### Problem statement
Apart from the pictures, write out all the records exactly.

### Records shown
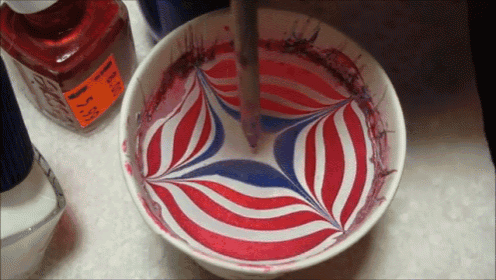 a bowl of red white and blue paint with a bottle of red ink next to it
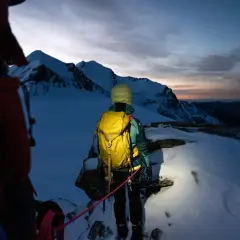 Alpinista z żółtym plecakiem lawinowym, gotowy na wyprawę w góry o wschodzie słońca. Plecak lawinowy jak działa? Zapewnia bezpieczeństwo w górach.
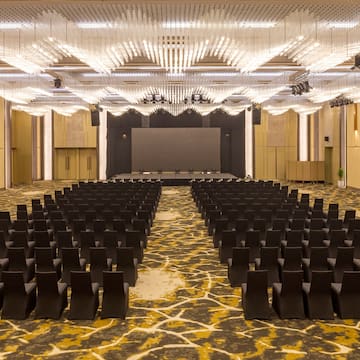 a room with black chairs and a stage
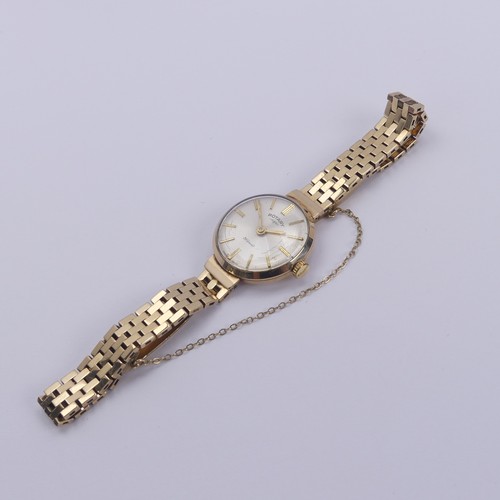 135 - A 9ct gold lady's Rotary Wristwatch, the silvered circular dial with 21-jewels movement, 21mm diamet... 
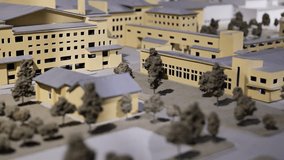 Architectural model of a residential complex featuring miniature buildings and trees - Powered by Shutterstock - Get 15% off with code: PIKWIZARD15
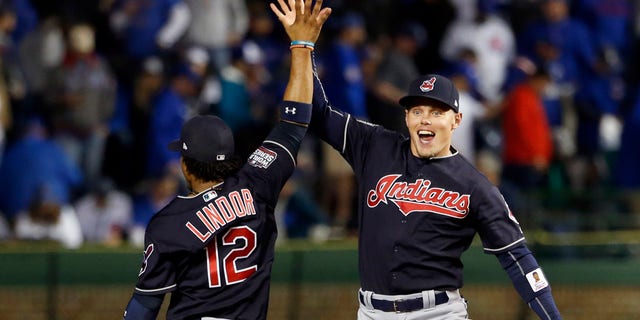 Cleveland Indians' Brandon Guyer, right, celebrates with Francisco Lindor (12) after Game 4 of the Major League Baseball World Series against the Chicago Cubs, Saturday, Oct. 29, 2016, in Chicago. The Indians won 7-2 to take a 3-1 lead in the series. (AP Photo/Nam Y. Huh)
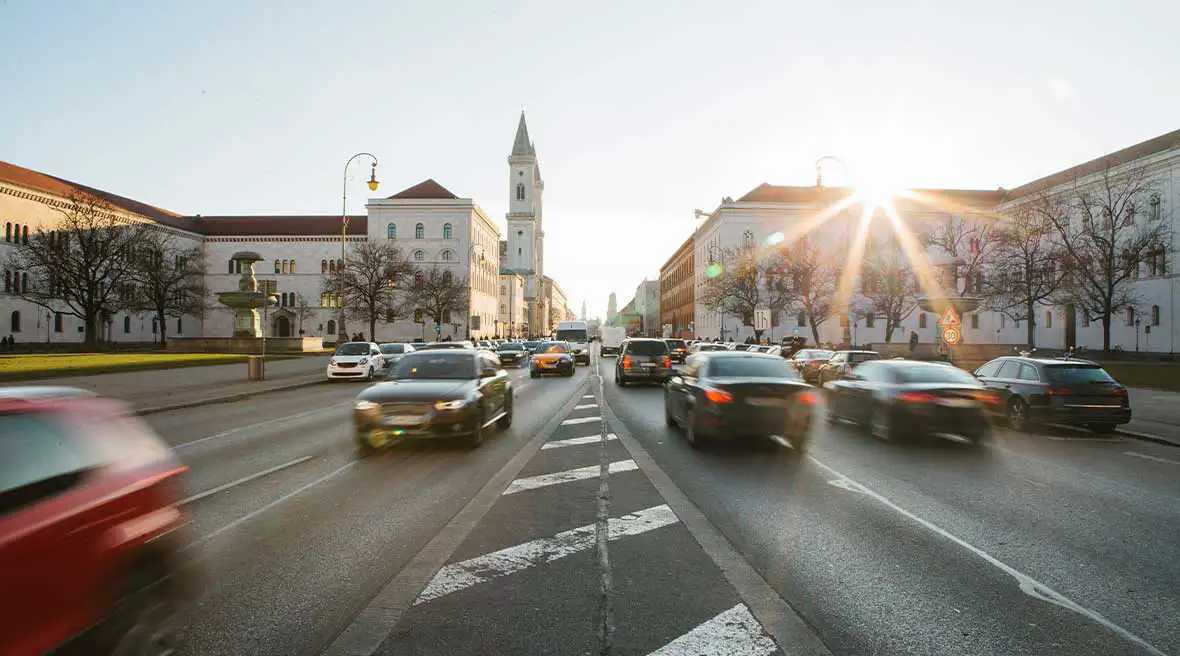 A: Cars driving on a three lane city centre road in Europe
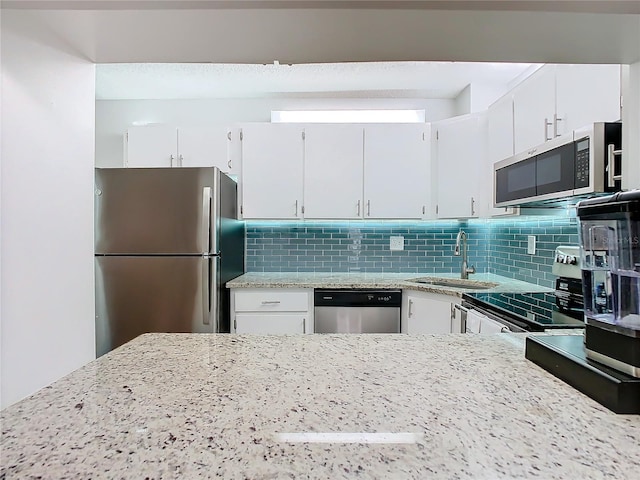 kitchen with appliances with stainless steel finishes, decorative backsplash, a sink, and white cabinets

### Written answer
 a bowl of red white and blue paint with a bottle of red ink next to it
 Alpinista z żółtym plecakiem lawinowym, gotowy na wyprawę w góry o wschodzie słońca. Plecak lawinowy jak działa? Zapewnia bezpieczeństwo w górach.
 a room with black chairs and a stage
 135 - A 9ct gold lady's Rotary Wristwatch, the silvered circular dial with 21-jewels movement, 21mm diamet... 
 Architectural model of a residential complex featuring miniature buildings and trees - Powered by Shutterstock - Get 15% off with code: PIKWIZARD15
 Cleveland Indians' Brandon Guyer, right, celebrates with Francisco Lindor (12) after Game 4 of the Major League Baseball World Series against the Chicago Cubs, Saturday, Oct. 29, 2016, in Chicago. The Indians won 7-2 to take a 3-1 lead in the series. (AP Photo/Nam Y. Huh)
 A: Cars driving on a three lane city centre road in Europe
 kitchen with appliances with stainless steel finishes, decorative backsplash, a sink, and white cabinets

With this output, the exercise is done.